La collection du « compte à rebours » est une nouvelle proposition des éditions du Seuil. Elle cherche à proposer des textes accessibles sur des problématiques contemporaines et de les entourer d'échos ou textes annexes entrant en résonnance avec le principal. Cela m'a assez plu et même si la juxtaposition des publications ne remplace pas la relation d'un échange véritable ou la rédaction d'une synthèse faisant affleurer les convergences, cette discussion en rebonds fonctionne bien.
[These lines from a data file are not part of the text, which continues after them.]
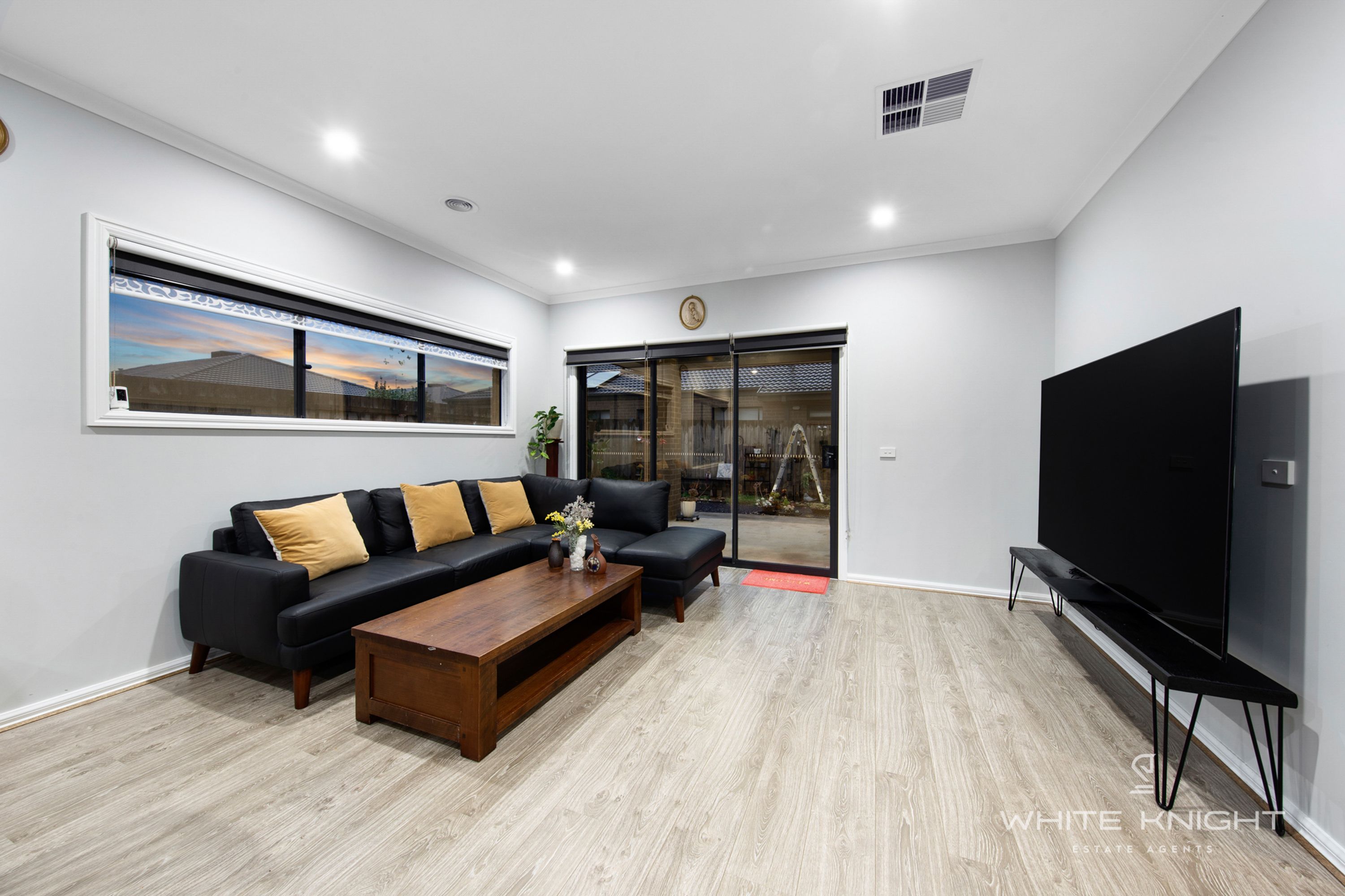 10 Rosemary Avenue, Aintree VIC 3336, Aintree - Thumbnail 8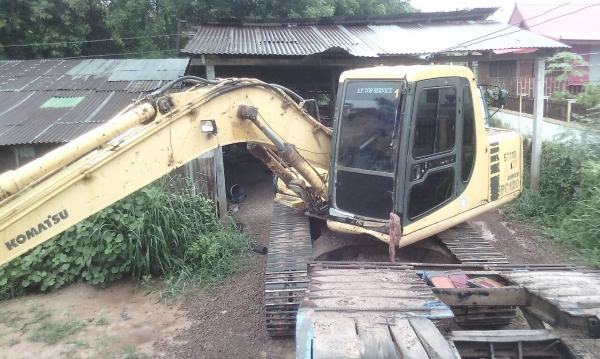แม็คโฮ KOMATSU PC 120-6 สภาพเต็มไฟฟ้าครบ เล่มทะเบียนครบ (ราคา 890,000บ) ราคาคุยไดัครับ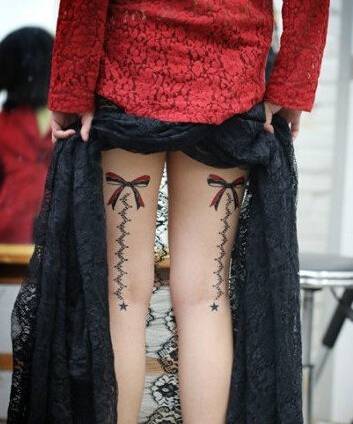 性感纹身女郎腿部妖娆蕾丝纹身秀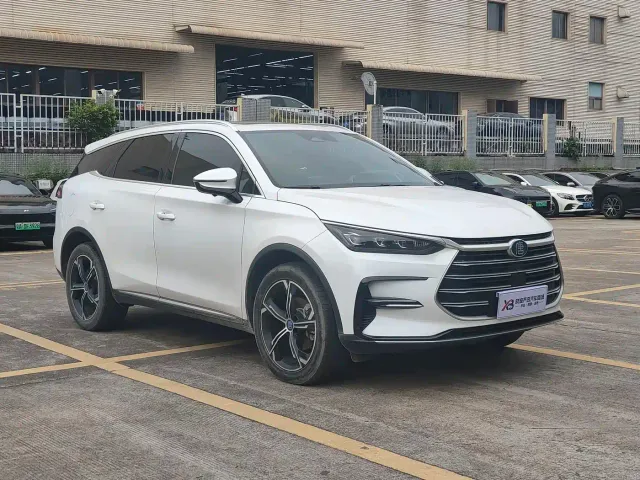 BYD Tang — Фото автомобиля 2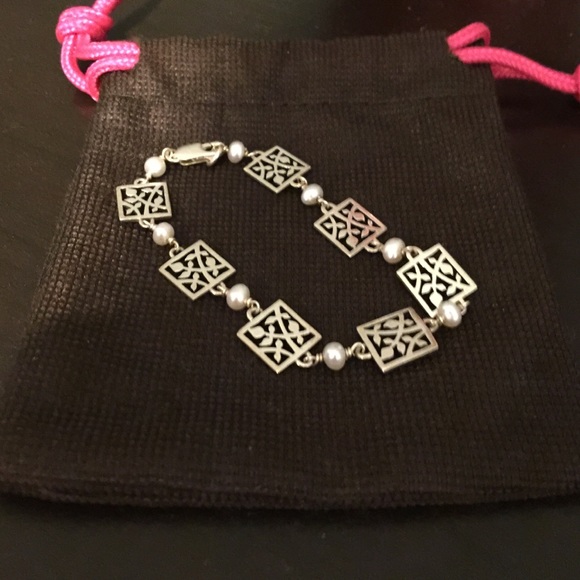 Sterling silver bracelet with small pearls!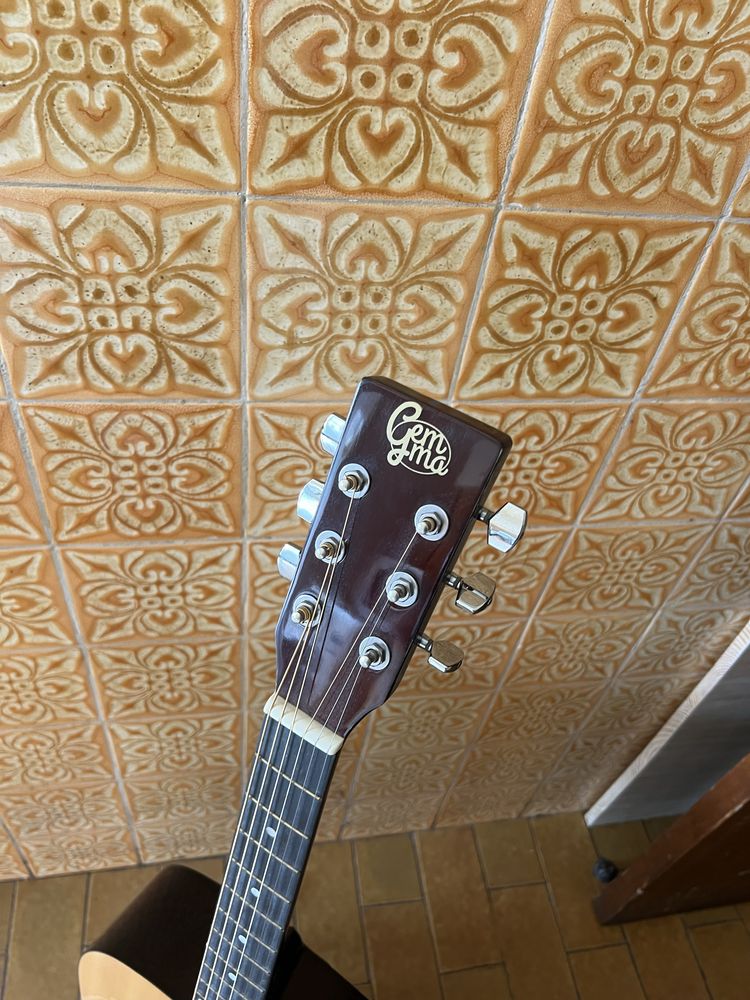 Vendo guitarra acústica GEMMA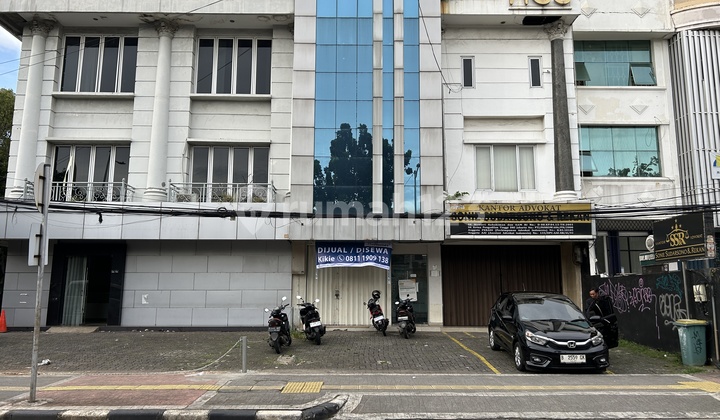 Ruko Ex Bank di Pusat Bisnis Tebet Raya Dekat Mall Kokas Lebar 5 Meter Ruko Ex Bank di Pusat Bisnis Tebet Raya Dekat Mall Kokas Lebar 5 Meter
Le propos principal est bien sûr celui de
Pierre Rosanvallon. J'avais lu il y a quelques années Les Passions ordinaires de David le Breton dont le sous-titre annonçait une « Anthropologie des émotions ». J'avais beaucoup apprécié l'ouverture que proposait ce livre sur un champ d'étude dont j'ignorais à peu près tout et dont je sentais pourtant qu'il avait, pour moi en tout cas, plus à faire avec le réel que bien des objets sociologiques en étude alors. Plus récemment,
Ci-git l'amer de
Cynthia Fleury m'avait emballée. Autant dire que j'étais impatiente de lire ces Epreuves de la vie puisque le livre inscrit également émotions et société au coeur de son propos. Ou plutôt étudie le point de correspondance entre ce que peuvent être des émotions, un collectif mouvant et une manière d'appréhender le réel. Comment des ressentis tels que le mépris, l'injustice, la discrimination dépassent la conscience individuelle de celui qui les éprouve, transcendent la conception d'une société de classes pour devenir des points de convergences émotionnelles, des constituants de groupes que rien ne saurait rassembler sinon ces émotions communes. Et comment l'absence de reconnaissance institutionnelle de ces communautés fluctuante renforce l'épreuve du mépris, éloigne un peu plus d'un utopique vivre ensemble.
Ce qui est délicieux avec
Pierre Rosanvallon, c'est la limpidité avec laquelle il pose et organise les éléments formant sa réflexion. Apportant à sa démonstration un éclairage historique remontant parfois jusqu'au 19e siècle mais toujours précis et opportun, il contextualise, nuance et éclaire chacun de ses objets d'étude. Loin des postures idéologiques toute faites ou des thèses slogan, on est conduits à saisir la complexité des notions abordées, la profondeur de leur enracinement dans des représentations collectives ou dans une histoire passée. Ainsi, le populisme, le sentiment de déclassement ou l'éloignement des partis politiques sont mis en perspective et deviennent les symptômes d'une société qui n'a plus les bonnes grilles pour se lire. Amenant de ses voeux d'autres modes de connaissance et de représentation pour qu'émerge une démocratie des épreuves fondée sur une philosophie partagée de l'égalité, l'essai se conclut par de possibles voies d'émancipation.